Семеновна внимательно посмотрела на фото, поводила рукой над изображением, почертила на листочке. Еще подержала руку над снимком и снова что-то зарисовала. А потом принялась сильно черкать на листочке. Сколько это продолжалось — трудно сказать. Наконец она откинулась на стуле чуть назад и подняла глаза на Катерину.
— Не плачь. Поживет еще. Здоровый он, вылезет. Сейчас спать будет, а завтра полегчает — в себя придет. Жди. Терпения наберись и жди. И думай о хорошем. Он в контакте, мне отвечает, значит, будет жить. Да, вот еще что… — добавила Семеновна. — Худого еще немало будет, но ты верь, что все пройдет. Вот.
Женщина накрыла своими большими ладонями два сжатых Катиных кулачка. От рук шло тепло, какое-то особенное, как будто с ним в Катерину вливалась сила жизненная. Семеновна внимательно посмотрела на нее:
— Горемыка ты. Но не навечно. Фотографию мне оставь. Не боись, я не испорчу. А как не надо будет — заберешь. Все. Теперь идем чай пить.
В кухне раскрасневшаяся от жары Ларка сидела за столом, на котором пыхтел самовар. Не угольный, правда, а электрический. Но тоже из другой жизни. С краником-завитушкой, из-под которого капала на блюдце вода, с заварочным чайником красной меди, восседавшим на макушке.

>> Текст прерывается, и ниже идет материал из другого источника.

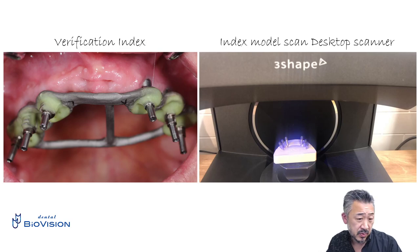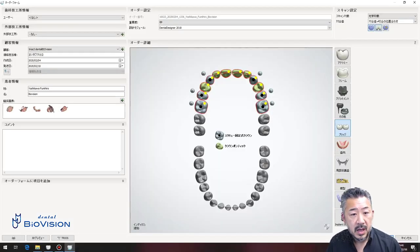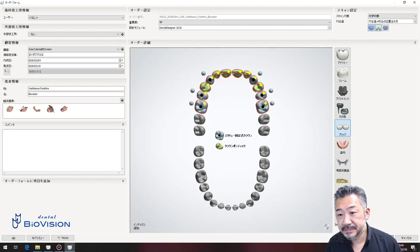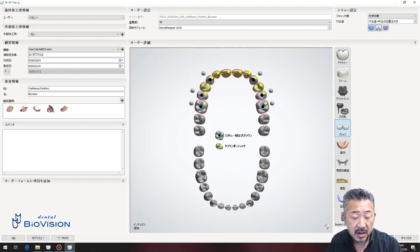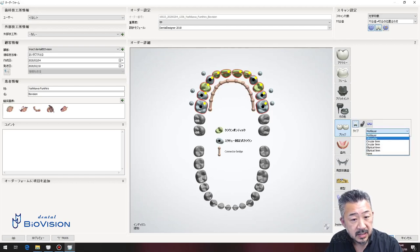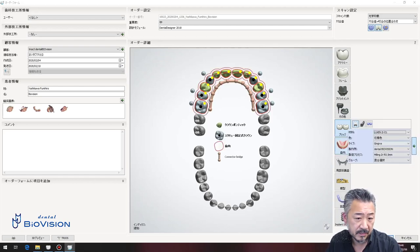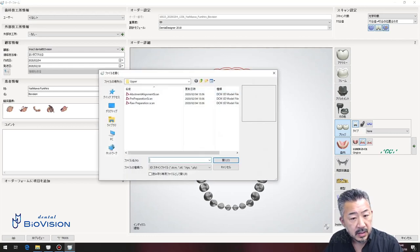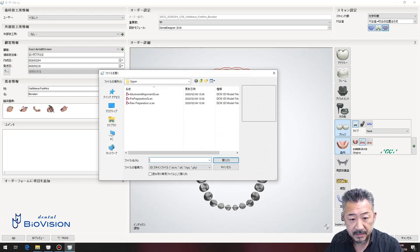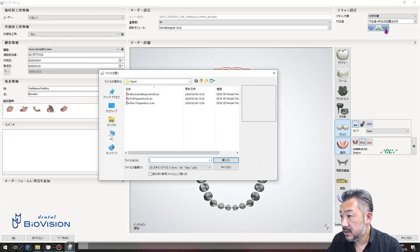This step is very important — this part is difficult to explain. Make an order form with the 3Shape Dental System to design the implant parts. Select 'screw-fixed crown,' then select 'crown pontic,' then select 'connector bridge' to connect everything. Then select the gingiva in the gingiva module to add the gingiva part. When you select 'Add Scan' in the upper right, you can see it here.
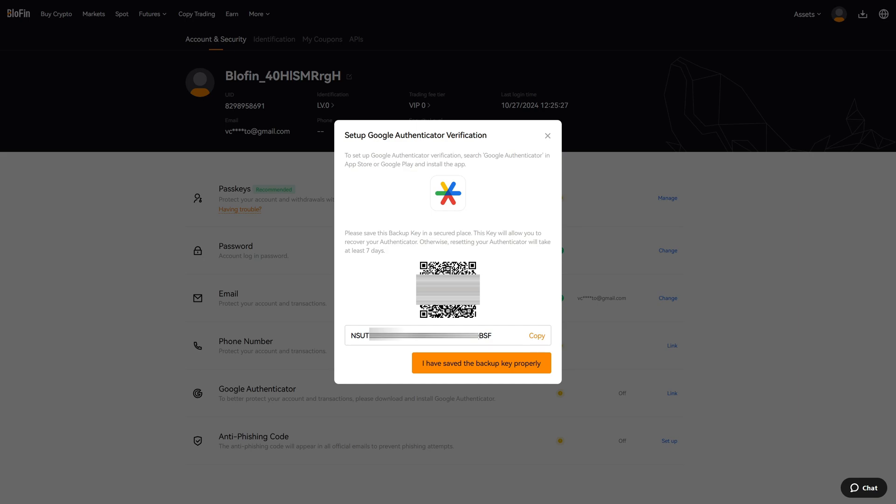Now take your phone and hover it over the QR code that you see on your screen. After successfully scanning the QR code, you will now see in the Google Authenticator app a six digit code.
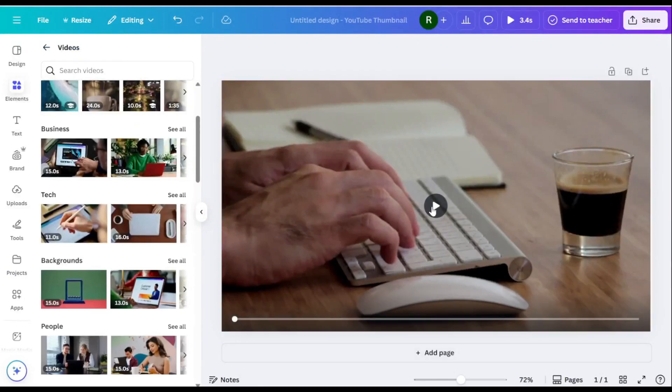Hey everyone! In this video, I'll show you how to remove unwanted objects from a video using Canva.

Лариса внимательно посмотрела на Катерину, подвинулась с табуретом к окну, освобождая место у стола. Тамара Семеновна устало опустилась на стул, плеснула в чашку из заварочного чайника, понюхала с удовольствием и улыбнулась:
— Ой, девки, до чего ж я чаи люблю гонять!
— А можно спросить, Тамар Семенна, — подала голос Катерина.
— Спроси, — усмехнулась хозяйка дома. — Да только я знаю, какой вопрос задать хочешь. Как так я что-то вижу через моря-океаны. Так?
— Так.
— Не знаю. Смотрю на тебя. Ты — его отражение. Ты думаешь о нем, стало быть, несешь информацию о нем. Она передается мне. А дальше как будто образы проступают, рассказывающие, что с человеком происходит. Ну и управлять этими образами можно. Направлять информацию туда, куда нужно. А вообще, если очень захотеть, то каждый может такой коррекцией и сам заниматься.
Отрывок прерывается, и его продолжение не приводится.